This invention relates to a method of scanning wavelength to obtain spectral data from samples, particularly for quantitative analysis, by spectrophotometers such as those for the visible and ultraviolet ranges, or fluorescence, and also to a spectrophotometer in which the method is used.
To obtain spectral data from a sample by means of a spectrophotometer, a monochromator provided therein is operated to scan a required wavelength range. During the wavelength scanning operation, when filters cutting off stray light or lamps as the light source are changed within the wavelength range, the scanning operation is temporarily stopped at each wavelength where the filter or lamp is to be changed, after which the scanning operation is resumed. In the wavelength range where spectral data are to be obtained, wavelength scanning is performed continuously at a certain speed and the measured data are taken into a data processor.
There usually exists a difference, though small, between the measured value obtained at a specific wavelength with the monochromator continuously scanning a wavelength range at a certain speed and the measured value obtained at the same specific wavelength with the monochromator being fixed at that wavelength.

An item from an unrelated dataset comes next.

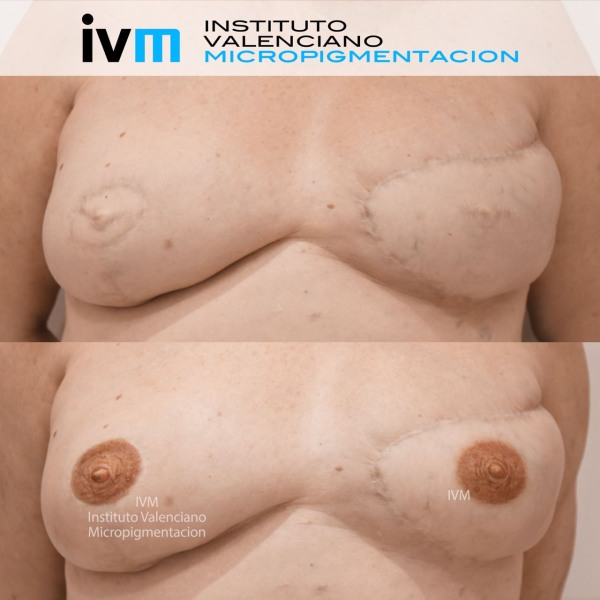 Reconstruccion-Areola-IVM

There are believed to be the following two reasons for the above difference between the two measured values:
(1) A measured value does not immediately follow wavelength scanning due to delay in the response of the light measuring system of the spectrophotometer.
(2) During wavelength scanning the time for sampling spectral data is short, so that the signal-to-noise ratio decreases to adversely affect the measured value.
On the other hand, the recent marked development of computer technology, particularly, increased capacity of storage media such as random access memories (RAMs), floppy disks and, RAM cards, with simultaneous reduction in their prices, makes it possible to conduct quantitative analysis of a sample by using a computer to process spectral data obtained from the sample. A problem encountered in quantitative analysis is the above-mentioned inaccuracy of the spectral data, which directly exerts an adverse influence on the result of analysis.
The inaccuracy of spectral data can be reduced by lowering the speed of wavelength scanning, but the time required for measurement becomes longer. It is desirable to shorten the time for measurement of a sample since there are many cases where quantitative analysis is conducted to obtain a general outline of the spectrum of a sample and many samples are to be analyzed for a limited short period of time.